District Court denies motion to dismiss for lack of jurisdiction

Courts CFPB Enforcement CFPA Consumer Finance CIDs

Courts

On March 21, the U.S. District Court for the Western District of Virginia denied defendants’ motion to dismiss for lack of subject matter jurisdiction in a suit alleging that they misrepresented the cost of immigration bond services and deceived migrants to keep them paying monthly fees, including by making false threats of deportation for failure to pay. The defendants argued that “the CFPB lacks authority to exercise any power to enforce the CFPA with respect to [the defendants] because these corporations are regulated by state insurance regulators (12 U.S.C. § 5517(f)) and are merchants, retailors, or sellers of nonfinancial goods or services.” However, the district court noted that “limitations on the CFPB’s regulatory authority do not equate to limitations on this court’s jurisdiction.” The defendants also argued “that the exclusions to CFPB jurisdiction enumerated in the CFPA are jurisdictional limits on the court.” The district court found the defendants were “mistaken” and that “Congress did not expressly state that any threshold limitation on the CFPA’s scope shall count as jurisdictional limitations on the court. For these reasons, the court finds that it has subject-matter jurisdiction in this case.”

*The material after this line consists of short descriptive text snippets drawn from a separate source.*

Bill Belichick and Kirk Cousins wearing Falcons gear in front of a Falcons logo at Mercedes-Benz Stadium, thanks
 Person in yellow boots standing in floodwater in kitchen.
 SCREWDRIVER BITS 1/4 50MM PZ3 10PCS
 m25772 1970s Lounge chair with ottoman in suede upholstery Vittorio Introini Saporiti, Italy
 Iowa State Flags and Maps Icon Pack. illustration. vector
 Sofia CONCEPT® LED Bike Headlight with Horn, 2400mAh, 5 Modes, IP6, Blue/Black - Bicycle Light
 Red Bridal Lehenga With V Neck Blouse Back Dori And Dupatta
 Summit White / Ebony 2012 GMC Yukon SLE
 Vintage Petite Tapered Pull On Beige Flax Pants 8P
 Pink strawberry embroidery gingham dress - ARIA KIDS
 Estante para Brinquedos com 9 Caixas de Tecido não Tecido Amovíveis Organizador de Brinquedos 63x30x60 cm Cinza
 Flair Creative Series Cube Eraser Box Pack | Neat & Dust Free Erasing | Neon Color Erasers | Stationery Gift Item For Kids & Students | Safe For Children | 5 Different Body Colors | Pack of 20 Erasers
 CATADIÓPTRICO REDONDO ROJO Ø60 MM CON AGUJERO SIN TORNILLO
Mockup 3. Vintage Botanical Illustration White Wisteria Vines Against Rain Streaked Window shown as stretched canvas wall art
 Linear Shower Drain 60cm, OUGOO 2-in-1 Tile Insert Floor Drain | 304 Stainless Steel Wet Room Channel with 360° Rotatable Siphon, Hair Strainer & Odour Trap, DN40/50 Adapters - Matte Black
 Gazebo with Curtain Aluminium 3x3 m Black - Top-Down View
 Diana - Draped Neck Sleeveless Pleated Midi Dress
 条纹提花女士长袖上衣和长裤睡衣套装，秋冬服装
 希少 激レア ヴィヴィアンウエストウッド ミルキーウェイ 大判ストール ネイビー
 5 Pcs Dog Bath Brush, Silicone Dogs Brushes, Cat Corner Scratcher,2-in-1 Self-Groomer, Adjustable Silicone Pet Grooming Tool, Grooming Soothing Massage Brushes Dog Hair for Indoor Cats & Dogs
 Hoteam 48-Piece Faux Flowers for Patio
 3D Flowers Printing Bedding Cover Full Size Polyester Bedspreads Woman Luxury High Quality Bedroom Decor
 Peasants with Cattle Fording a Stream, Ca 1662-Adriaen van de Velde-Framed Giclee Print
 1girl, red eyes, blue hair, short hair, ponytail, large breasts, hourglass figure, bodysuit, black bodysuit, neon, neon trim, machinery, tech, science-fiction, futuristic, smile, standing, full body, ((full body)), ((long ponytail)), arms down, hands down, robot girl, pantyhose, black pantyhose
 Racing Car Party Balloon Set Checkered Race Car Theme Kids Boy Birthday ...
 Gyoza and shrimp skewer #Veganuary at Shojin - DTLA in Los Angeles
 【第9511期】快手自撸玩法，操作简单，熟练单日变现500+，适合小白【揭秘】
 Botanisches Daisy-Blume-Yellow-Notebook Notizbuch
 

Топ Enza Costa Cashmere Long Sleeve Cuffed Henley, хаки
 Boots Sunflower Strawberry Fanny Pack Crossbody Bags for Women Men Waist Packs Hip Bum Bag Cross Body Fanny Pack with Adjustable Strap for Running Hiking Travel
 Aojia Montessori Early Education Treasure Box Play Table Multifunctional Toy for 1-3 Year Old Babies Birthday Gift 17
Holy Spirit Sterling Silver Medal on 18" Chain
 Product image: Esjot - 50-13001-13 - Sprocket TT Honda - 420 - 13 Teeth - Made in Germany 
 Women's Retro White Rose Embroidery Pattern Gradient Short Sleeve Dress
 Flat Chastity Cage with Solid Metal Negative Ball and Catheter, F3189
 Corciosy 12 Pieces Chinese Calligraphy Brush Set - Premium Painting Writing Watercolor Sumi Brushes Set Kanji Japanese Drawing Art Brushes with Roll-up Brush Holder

As previously covered by InfoBytes, the U.S. District Court for the District of Columbia denied the defendants’ request to enforce a modified Civil Investigative Demand (CID) and prevent the CFPB from obtaining personal information about the defendants’ clients via CIDs to third parties. In August 2017, the CFPB issued a CID to the defendants requesting various documents and information. The CFPB filed the present lawsuit in February 2021.